2. Sample Size Used for the Test Set and Data Provenance

• Sample Size (Clinical Accuracy): A total of 815 specimens were tested.
• Data Provenance: The study was conducted at four geographically diverse regions of the United States, suggesting a prospective collection or at least a multi-site prospective analysis of collected samples. The text does not explicitly state if the samples were collected retrospectively or prospectively, but the term "evaluated at" suggests prospective evaluation over a period of time.

3. Number of Experts Used to Establish the Ground Truth for the Test Set and Qualifications of Those Experts

The ground truth for the clinical accuracy study was established using the cytotoxin assay (CTA). This is a laboratory-based assay and does not involve human experts in the same way, for example, a radiologist reads images. Therefore, the concept of "number of experts" and "qualifications of experts" does not directly apply to the primary ground truth method used here. The CTA is considered a gold standard for C. difficile toxin detection.
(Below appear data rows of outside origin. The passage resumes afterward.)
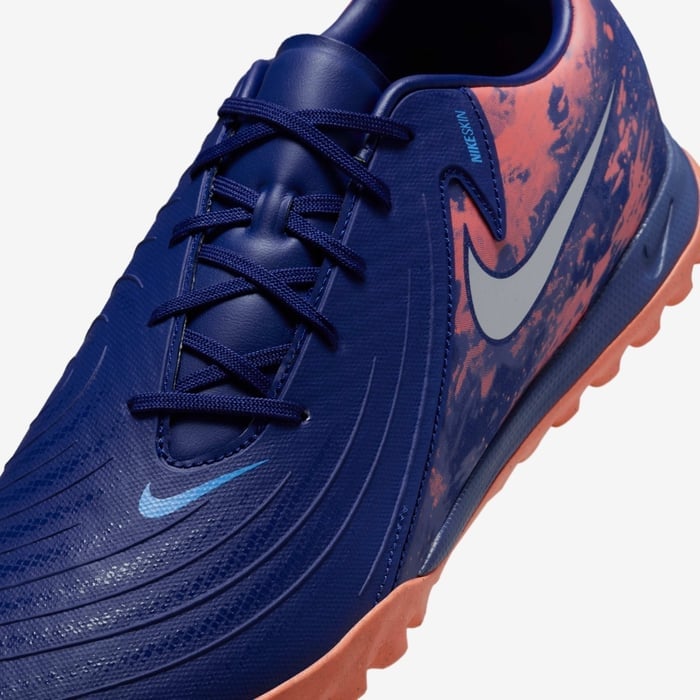 Nike Phantom GX II Academy  'Erling Haaland' TF - Image 8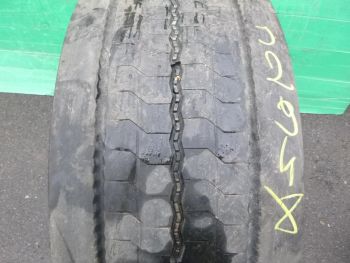 Opona ciężarowa używana 385-65R22.5 Firestone FS422 PLUS 112948-0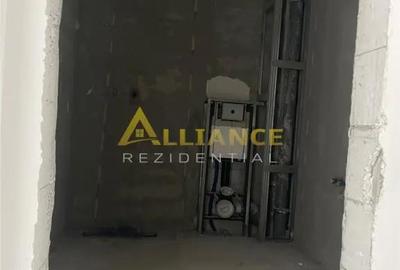 Garsonieră decomandată în Apărătorii Patriei - 2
For discordant results, further investigation involved "toxigenic culture and microwell enzyme immunoassay." Again, these are laboratory methods, not expert human review.

4. Adjudication Method for the Test Set

There was a form of adjudication for discordant results.
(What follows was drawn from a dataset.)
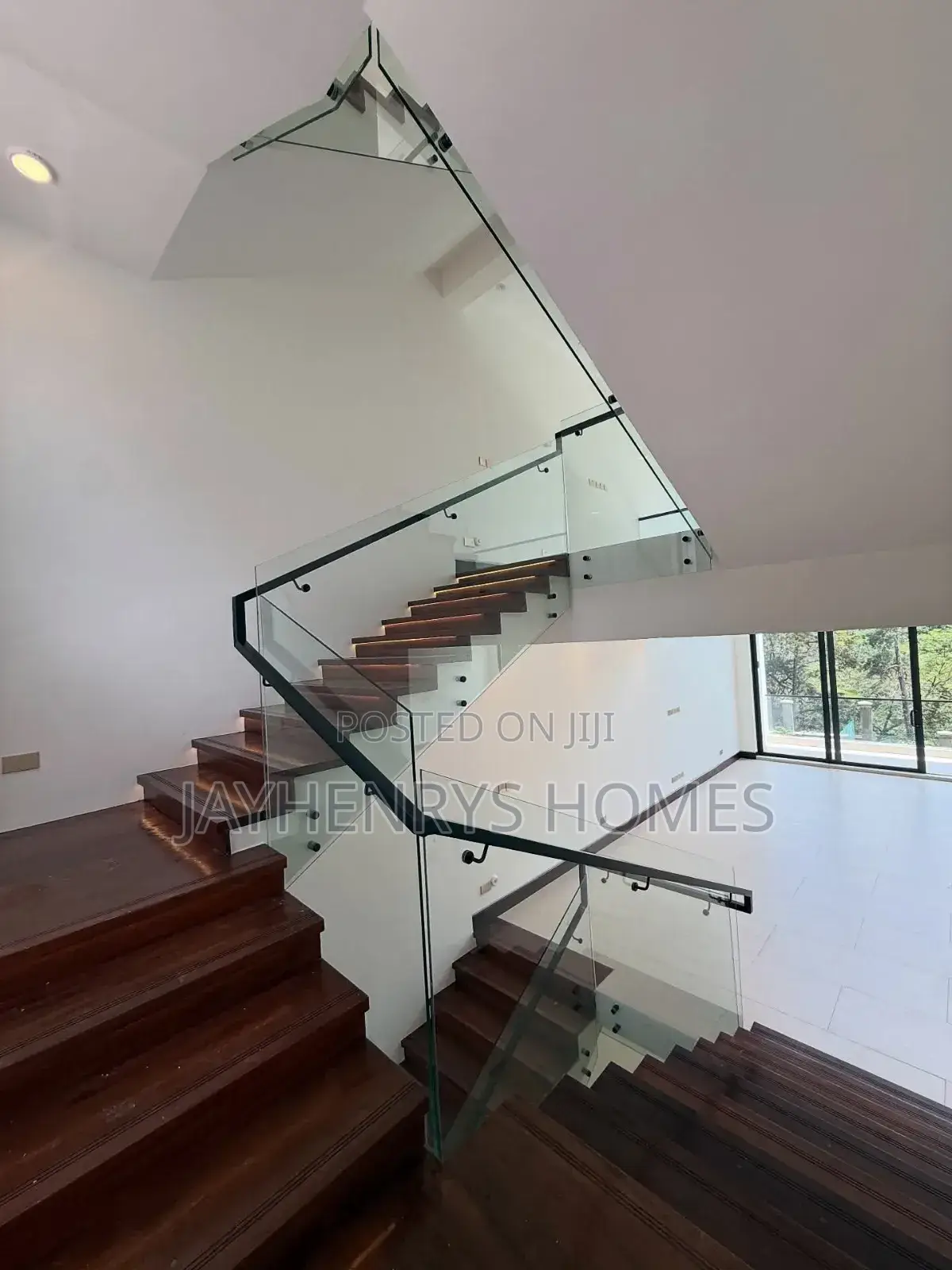 5bdrm House in Kitisuru for sale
• "Discordant results were further investigated by toxigenic culture and microwell enzyme immunoassay that detects both Toxin A and B."
• This suggests that when the Xpect™ test result and the CTA result did not agree, additional, more definitive laboratory tests (toxigenic culture and a different EIA) were used to ascertain the true status of the sample. This acts as an "adjudication" in a laboratory context, where a more definitive test is used to resolve discrepancies between the index test and the primary reference standard.
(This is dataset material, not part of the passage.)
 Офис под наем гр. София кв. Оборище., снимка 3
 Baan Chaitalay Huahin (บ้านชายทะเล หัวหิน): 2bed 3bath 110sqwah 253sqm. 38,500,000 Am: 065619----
5. If a Multi-Reader Multi-Case (MRMC) Comparative Effectiveness Study was done, If so, what was the effect size of how much human readers improve with AI vs without AI assistance

This is not applicable to this device. The Xpect™ Clostridium difficile Toxin A/B test is an in-vitro diagnostic (IVD) assay, not an AI-powered image analysis or diagnostic support tool for human readers. It directly detects bacterial toxins in a specimen. Therefore, there are no "human readers" in the context of interpreting the device's output, nor is there any AI assistance involved.

6. If a Standalone (i.e. algorithm only without human-in-the-loop performance) was done

This is not applicable to this device. As an IVD assay, the Xpect™ test inherently operates in a "standalone" fashion in terms of its direct detection mechanism (immunochromatography). It produces a visible line without requiring human interpretation other than observing the presence or absence of the line. The performance data presented (sensitivity, specificity) reflects this standalone performance.

7. The Type of Ground Truth Used

The primary ground truth for the clinical accuracy study was the Cytotoxin Assay (CTA). For discordant results, Toxigenic Culture and Microwell Enzyme Immunoassay (EIA) were used as further confirmatory ground truth methods.

8. The Sample Size for the Training Set

The document does not explicitly mention a distinct "training set" for the clinical accuracy study in the traditional sense of machine learning. For traditional IVD assays, optimization and initial validation (which could be considered analogous to training/development) would occur internally during product development, prior to the formal clinical performance study described. The clinical performance study (n=815) serves as the primary validation of the device's performance against the established ground truth.

9. How the Ground Truth for the Training Set Was Established

As no specific "training set" is identified, this question is not directly applicable. However, the ground truth for any internal development or optimization would likely have been established using the same (or similar) gold standard methods as the clinical validation, i.e., Cytotoxin Assay and/or Toxigenic Culture.